| Directions for this task |
Restate word for word the lines that run from the one containing "Vintage bureau, partnerdesk, klassiek" to the last line of the data, both ends included.

───── Provided data ─────

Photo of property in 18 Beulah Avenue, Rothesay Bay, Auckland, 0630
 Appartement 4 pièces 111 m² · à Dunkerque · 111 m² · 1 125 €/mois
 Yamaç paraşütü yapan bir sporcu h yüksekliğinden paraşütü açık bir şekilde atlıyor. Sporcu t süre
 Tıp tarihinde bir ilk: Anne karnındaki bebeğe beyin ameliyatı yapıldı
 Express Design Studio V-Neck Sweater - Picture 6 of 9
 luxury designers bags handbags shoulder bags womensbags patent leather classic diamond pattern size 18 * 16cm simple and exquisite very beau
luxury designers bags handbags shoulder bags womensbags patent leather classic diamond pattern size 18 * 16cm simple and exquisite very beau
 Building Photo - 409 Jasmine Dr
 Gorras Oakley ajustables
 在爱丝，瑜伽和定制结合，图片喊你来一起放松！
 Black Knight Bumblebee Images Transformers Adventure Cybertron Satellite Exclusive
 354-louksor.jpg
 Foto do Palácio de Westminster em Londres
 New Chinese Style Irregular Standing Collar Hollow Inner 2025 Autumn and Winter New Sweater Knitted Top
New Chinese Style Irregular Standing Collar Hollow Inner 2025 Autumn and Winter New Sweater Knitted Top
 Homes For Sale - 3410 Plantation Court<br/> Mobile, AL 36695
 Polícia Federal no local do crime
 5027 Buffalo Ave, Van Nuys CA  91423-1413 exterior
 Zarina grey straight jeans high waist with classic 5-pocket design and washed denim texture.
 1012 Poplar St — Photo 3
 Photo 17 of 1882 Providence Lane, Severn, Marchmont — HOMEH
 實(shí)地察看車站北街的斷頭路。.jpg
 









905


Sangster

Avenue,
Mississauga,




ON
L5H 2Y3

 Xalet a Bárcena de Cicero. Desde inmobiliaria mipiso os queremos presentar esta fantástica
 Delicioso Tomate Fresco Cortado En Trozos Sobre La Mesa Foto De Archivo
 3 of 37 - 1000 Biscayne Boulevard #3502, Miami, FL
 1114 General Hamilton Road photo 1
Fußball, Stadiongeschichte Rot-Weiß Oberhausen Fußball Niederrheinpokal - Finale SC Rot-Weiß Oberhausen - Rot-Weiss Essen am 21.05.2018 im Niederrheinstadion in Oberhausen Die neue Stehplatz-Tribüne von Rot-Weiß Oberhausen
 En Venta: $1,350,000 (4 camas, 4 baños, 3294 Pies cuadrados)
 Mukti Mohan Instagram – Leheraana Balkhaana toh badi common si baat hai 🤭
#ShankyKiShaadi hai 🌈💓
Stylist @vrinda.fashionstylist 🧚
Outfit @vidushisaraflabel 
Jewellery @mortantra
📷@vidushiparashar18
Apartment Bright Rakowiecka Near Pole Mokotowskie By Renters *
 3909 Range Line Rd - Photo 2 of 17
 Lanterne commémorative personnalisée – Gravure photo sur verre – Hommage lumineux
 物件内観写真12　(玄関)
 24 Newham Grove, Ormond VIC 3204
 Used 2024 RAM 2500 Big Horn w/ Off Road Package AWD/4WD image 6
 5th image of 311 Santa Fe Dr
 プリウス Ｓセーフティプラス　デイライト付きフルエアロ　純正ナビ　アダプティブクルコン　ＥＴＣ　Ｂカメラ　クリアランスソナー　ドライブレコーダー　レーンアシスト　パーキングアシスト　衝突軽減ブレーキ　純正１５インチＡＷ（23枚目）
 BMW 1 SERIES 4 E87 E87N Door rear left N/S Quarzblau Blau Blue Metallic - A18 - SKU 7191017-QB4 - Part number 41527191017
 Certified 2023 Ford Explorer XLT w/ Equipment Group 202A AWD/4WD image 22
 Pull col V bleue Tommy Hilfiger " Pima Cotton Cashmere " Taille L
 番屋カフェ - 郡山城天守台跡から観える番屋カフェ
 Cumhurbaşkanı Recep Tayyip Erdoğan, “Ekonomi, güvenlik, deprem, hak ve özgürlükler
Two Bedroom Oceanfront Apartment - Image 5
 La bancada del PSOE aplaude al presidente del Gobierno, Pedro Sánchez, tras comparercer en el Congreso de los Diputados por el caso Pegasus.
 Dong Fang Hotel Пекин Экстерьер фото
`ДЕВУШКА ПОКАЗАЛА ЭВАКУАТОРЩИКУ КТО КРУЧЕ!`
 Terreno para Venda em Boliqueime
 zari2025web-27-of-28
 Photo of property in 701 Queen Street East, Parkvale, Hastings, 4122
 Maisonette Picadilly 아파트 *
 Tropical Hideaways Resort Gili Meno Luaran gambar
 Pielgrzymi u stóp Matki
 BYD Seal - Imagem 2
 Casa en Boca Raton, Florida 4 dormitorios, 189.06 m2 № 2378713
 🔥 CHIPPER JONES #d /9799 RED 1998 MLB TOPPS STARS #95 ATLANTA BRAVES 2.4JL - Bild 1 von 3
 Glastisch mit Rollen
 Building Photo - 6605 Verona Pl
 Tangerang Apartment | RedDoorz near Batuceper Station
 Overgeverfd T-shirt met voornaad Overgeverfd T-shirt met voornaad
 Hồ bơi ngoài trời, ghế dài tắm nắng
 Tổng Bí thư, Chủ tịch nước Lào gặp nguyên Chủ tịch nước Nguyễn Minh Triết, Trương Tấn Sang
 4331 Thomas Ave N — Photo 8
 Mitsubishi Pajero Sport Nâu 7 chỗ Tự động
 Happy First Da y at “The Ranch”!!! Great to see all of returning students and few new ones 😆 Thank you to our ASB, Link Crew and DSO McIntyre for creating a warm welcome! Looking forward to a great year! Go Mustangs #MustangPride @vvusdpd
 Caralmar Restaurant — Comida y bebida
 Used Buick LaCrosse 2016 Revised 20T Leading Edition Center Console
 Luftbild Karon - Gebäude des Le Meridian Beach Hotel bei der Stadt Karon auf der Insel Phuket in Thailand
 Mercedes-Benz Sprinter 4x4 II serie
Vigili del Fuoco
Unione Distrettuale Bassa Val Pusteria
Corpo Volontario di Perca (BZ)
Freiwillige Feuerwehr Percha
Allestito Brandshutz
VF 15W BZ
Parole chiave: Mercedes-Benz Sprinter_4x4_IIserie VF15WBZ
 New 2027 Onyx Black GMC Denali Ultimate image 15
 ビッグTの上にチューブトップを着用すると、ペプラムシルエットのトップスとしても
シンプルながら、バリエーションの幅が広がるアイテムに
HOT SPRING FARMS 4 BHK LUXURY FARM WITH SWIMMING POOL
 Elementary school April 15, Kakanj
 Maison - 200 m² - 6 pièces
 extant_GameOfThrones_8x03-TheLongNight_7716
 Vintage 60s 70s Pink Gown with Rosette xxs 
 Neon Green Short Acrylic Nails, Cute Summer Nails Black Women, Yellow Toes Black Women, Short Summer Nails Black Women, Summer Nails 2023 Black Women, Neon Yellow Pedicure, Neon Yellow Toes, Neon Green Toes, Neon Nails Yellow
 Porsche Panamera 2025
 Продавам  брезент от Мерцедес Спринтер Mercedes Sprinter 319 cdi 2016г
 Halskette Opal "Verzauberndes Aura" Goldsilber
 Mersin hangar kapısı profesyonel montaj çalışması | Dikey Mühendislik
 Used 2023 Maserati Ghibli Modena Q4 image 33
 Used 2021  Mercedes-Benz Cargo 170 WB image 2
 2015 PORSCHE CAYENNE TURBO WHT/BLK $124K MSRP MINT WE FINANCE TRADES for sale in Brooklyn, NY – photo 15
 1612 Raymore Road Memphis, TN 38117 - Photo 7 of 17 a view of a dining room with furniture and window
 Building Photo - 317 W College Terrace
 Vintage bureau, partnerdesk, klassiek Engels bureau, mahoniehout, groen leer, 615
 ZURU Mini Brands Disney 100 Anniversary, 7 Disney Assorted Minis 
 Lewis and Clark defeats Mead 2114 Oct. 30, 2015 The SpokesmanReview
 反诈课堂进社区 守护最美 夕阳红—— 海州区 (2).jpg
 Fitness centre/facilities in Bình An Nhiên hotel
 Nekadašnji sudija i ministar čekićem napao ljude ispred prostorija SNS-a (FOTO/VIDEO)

─────

| Answer to this exercise |
 Vintage bureau, partnerdesk, klassiek Engels bureau, mahoniehout, groen leer, 615
 ZURU Mini Brands Disney 100 Anniversary, 7 Disney Assorted Minis 
 Lewis and Clark defeats Mead 2114 Oct. 30, 2015 The SpokesmanReview
 反诈课堂进社区 守护最美 夕阳红—— 海州区 (2).jpg
 Fitness centre/facilities in Bình An Nhiên hotel
 Nekadašnji sudija i ministar čekićem napao ljude ispred prostorija SNS-a (FOTO/VIDEO)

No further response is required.